A brief history of Mazdaspeed
Mazdaspeed was unique among the others because the performance off-shoot had very strong ties to Mazda’s motorsport efforts. The same branding was seen on the track as on the road. Mazda started adding the Mazdaspeed badge to their cars in the early 90s, beginning with the Protege and eventually expanding to the MX-5. Some would argue the Mazdaspeed road cars’ peak was the Mazdaspeed 3, a turbocharged version of the Mazda 3 hatchback, and the Mazdaspeed 6, which had a turbo and AWD. While other OEM’s performance bands didn’t extend further beyond an exhaust and some graphics, Mazdaspeed was giving the tuners what they wanted.

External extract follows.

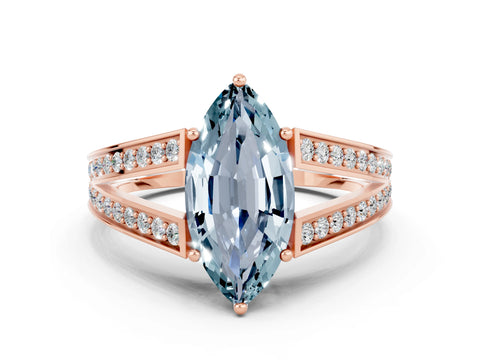Rose gold Marquise Cut Aquamarine Split Shank Ring with Pavé Band and Four-Prong Setting
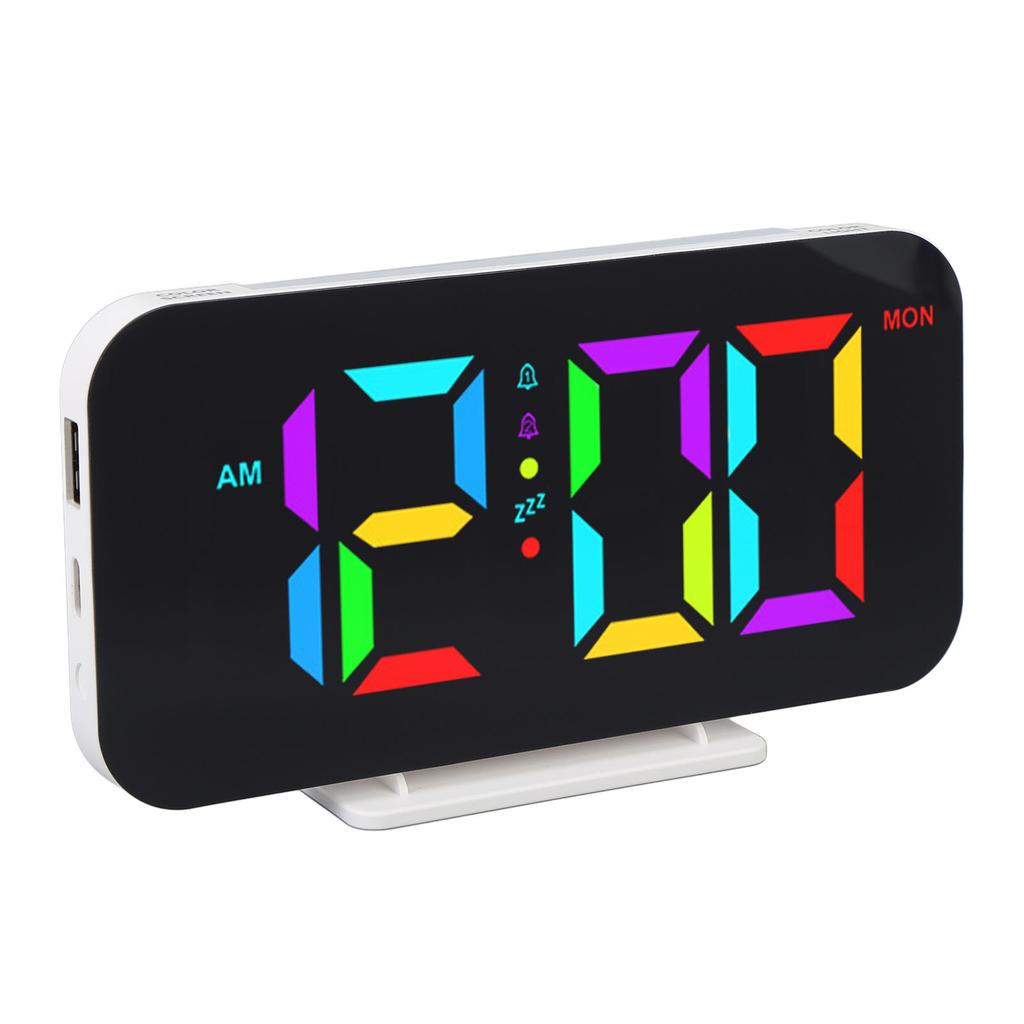 Digital Alarm Clock RGB 5 Brightness 2 Alarms Adjustable Volume 10 Night Light Snooze Mode Electric Desk Clock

Mazda’s performance brand built a loyal following and continued to keep a strong relationship with Mazda’s motorsport division which was eventually named “Mazdaspeed Motorsports.” Then, one day it all just sort of stopped. Mazdaspeed variants and products fizzled away.
Some might blame the economic downturn of 2008. Others might point to Mazda’s relatively small size compared to their competitors. Either way, Mazdaspeed faded from Mazda’s road cars, and we don’t really know why.
The crew at Fitment Industries YouTube channel looked into Mazdaspeed’s history to get some answers. This is what they came up with.
Mazda thought Mazdaspeed was ‘childish’
When Mazda changed its design language in 2006, it marked a shift for the brand. It was the first sign that Mazda wanted to get away from its image of producing low-cost, fun, sporty cars to a brand seen as more “upscale” and environmentally friendly.
Part of that shift was Mazda investing in their SKYACTIV engine technology which was all about efficiency. At the same time, their vehicles became more sculpted and elegant in their exterior and interior designs.
In a 2016 interview with Motoring.com.au, President of Mazda, Masahiro Moro famously panned Mazdaspeed variants and suggested that they were rising above it.
“As a brand we are trying to elevate again a little bit more, because execution of Mazda MPS or Mazdaspeed 3 or whatever you call it was a little bit – I am not afraid to say it – childish.” Said Moro.
Pretty harsh if you ask us. However, we can understand where Moro was coming from. For what it’s worth, the current Mazda 3 can be had with a turbocharged engine and AWD. It’s just missing the “Mazdaspeed” badge. It might be time to let go of that fun-loving Mazda of the past and get used to the “mature” Mazda of today.